Latency and throughput are in tension — decide which you're optimizing before you tune. Bigger batches raise tokens-per-second across all users (throughput) but can raise the latency any single user feels. Batch-friendly settings that look great on a throughput dashboard can make an interactive chat feel sluggish, and vice versa. There's no universally "fast" config; there's a config for your target. Pin down whether you're serving a latency-sensitive chat or a throughput-sensitive batch job first — and remember the offline metrics here don't capture quality drift, which is a separate observability problem entirely.

What to carry away

LLM inference splits into a compute-bound prefill (the prompt in one pass; time-to-first-token) and a memory-bound decode (one token at a time; tokens-per-second). Decode is slow because each step drags the whole model through memory to produce a single token — so inference is fundamentally a memory-bandwidth problem, and serving many users is a memory-management problem. The KV cache makes decode linear instead of quadratic but then dominates memory and grows with users and context.

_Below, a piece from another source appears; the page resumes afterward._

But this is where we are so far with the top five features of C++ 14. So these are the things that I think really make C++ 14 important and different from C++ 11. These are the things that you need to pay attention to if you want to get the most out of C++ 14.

The serving stack is a stack of answers to that. Continuous batching keeps the GPU busy by scheduling per-step instead of per-request; PagedAttention (vLLM) pages the KV cache so almost none is wasted and prefixes can be shared; speculative decoding produces several tokens per big-model pass; quantization shrinks the data that has to move. Reach for them in roughly that order, and always with a clear target — throughput or latency, not both at once. Get the mental model right and the GPU bill finally starts making sense.

Frequently asked questions

Why is LLM inference memory-bound rather than compute-bound?

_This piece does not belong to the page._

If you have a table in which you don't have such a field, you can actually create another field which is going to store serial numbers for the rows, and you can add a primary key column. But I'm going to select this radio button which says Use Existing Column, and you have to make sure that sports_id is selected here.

During decode the model generates one token at a time, and each step must read the entire multi-gigabyte set of weights plus the growing KV cache from memory to produce a single token. The math is tiny relative to that data movement, so throughput is limited by memory bandwidth, not compute.

What is the KV cache and why does it dominate memory?

The KV cache stores the key and value vectors for every token processed so far, so attention doesn't recompute them each step. It grows with sequence length and the number of concurrent requests, often exceeding the model weights — which is why serving many users is fundamentally a memory-management problem.

How does PagedAttention in vLLM increase throughput?

It manages the KV cache in fixed-size blocks like operating-system virtual-memory pages, instead of one contiguous reservation per sequence, which nearly eliminates wasted memory. More usable KV memory means more sequences batched together, and identical prompt prefixes can share blocks — both raise throughput.